W ramach procedury odwoławczej włoski rząd jest wspierany przez 10 innych państw członkowskich Rady Europy. Do procesu w charakterze strony trzeciej (amicus curiae) przystąpiły Armenia, Bułgaria, Cypr, Grecja, Litwa, Malta, Monako, San Marino, Rumunia i Rosja. Będą one reprezentowane przez Weilera. W tym samym charakterze w procesie bierze udział European Centre for Law and Justice, pozarządowa organizacja prawników zajmująca się m.in. zagadnieniami wolności religijnej.

W stanowisku, które było zaprezentowane przed Wielką Izbą ETPC zwraca się uwagę, że obecność krzyża w szkole nie zmusza nikogo do żadnej formy zachowania, która mogłaby być poczytana, jako akt przymusu religijnego. Ponadto obecność krzyża nie narusza prawa rodziców do wychowania dzieci zgodnie ze swymi przekonaniami oraz prawa rodziców do podważania elementów programu nauczania.

Podkreśla się, że ETPC zlekceważył elementy prawne i faktyczne włoskiego porządku społecznego, w którym chrześcijaństwo odgrywa historycznie ważną rolę w zakresie tożsamości narodowej.

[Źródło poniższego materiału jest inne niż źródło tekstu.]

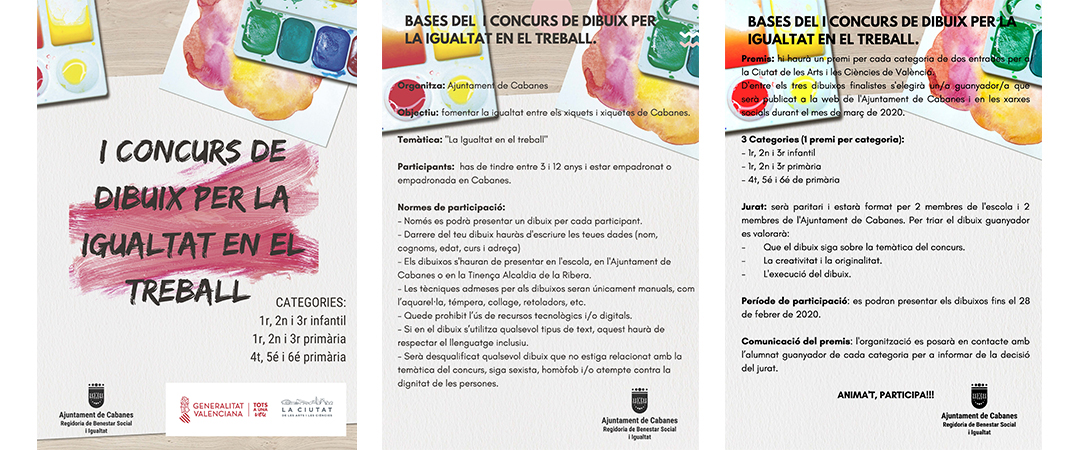 Cabanes presenta el primer concurs de dibuix per la igualtat per a xiquets i xiquetes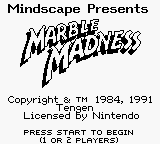 Marble Madness title screen for GameBoy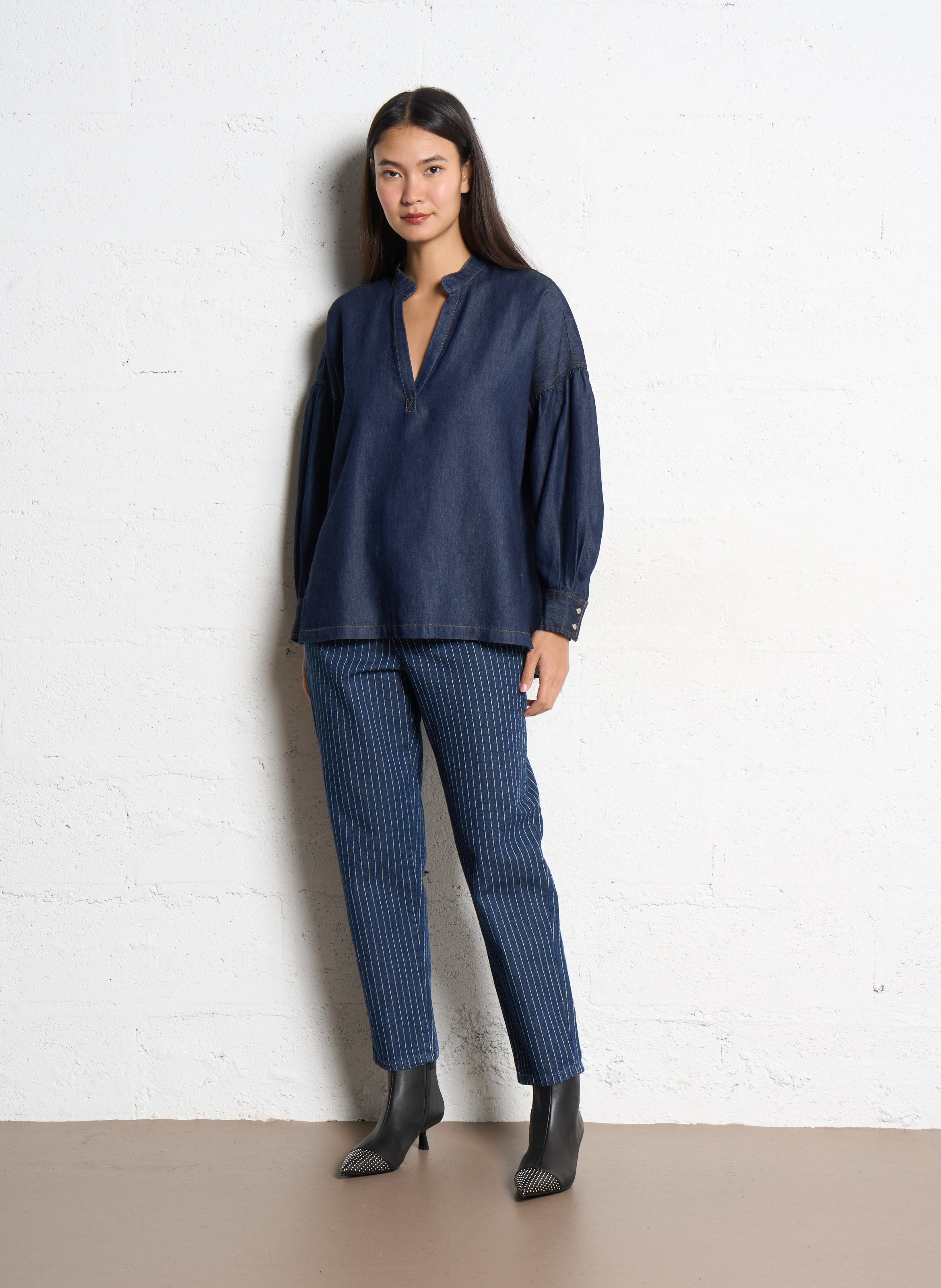 Blouse ample en denim IKKS Bleu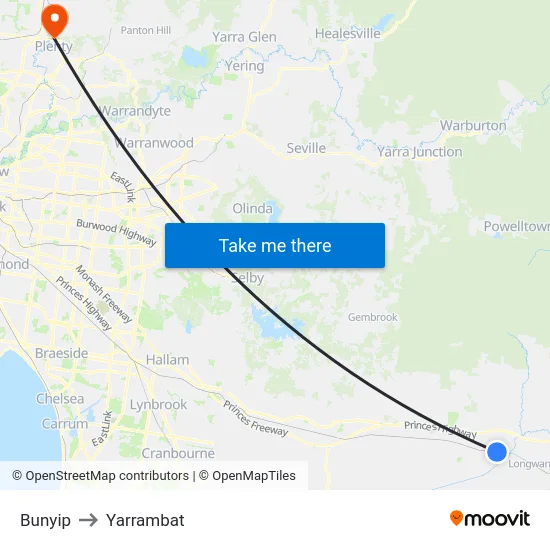 Bunyip to Yarrambat map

Ponadto nie ma w Radzie Europy ustalonych standardów w zakresie relacji państwo-Kościół (na 47 państw członkowskich 16 ma ustanowione specyficzne relacje z religią, w tym chrześcijaństwo bywa religią państwową, w 11 krajach krzyż obecny jest w miejscach publicznych, w 25 krajach prowadzone są lekcje religii w szkołach). Zwraca się też uwagę, że program nauczania jest kompetencją państw członkowskich.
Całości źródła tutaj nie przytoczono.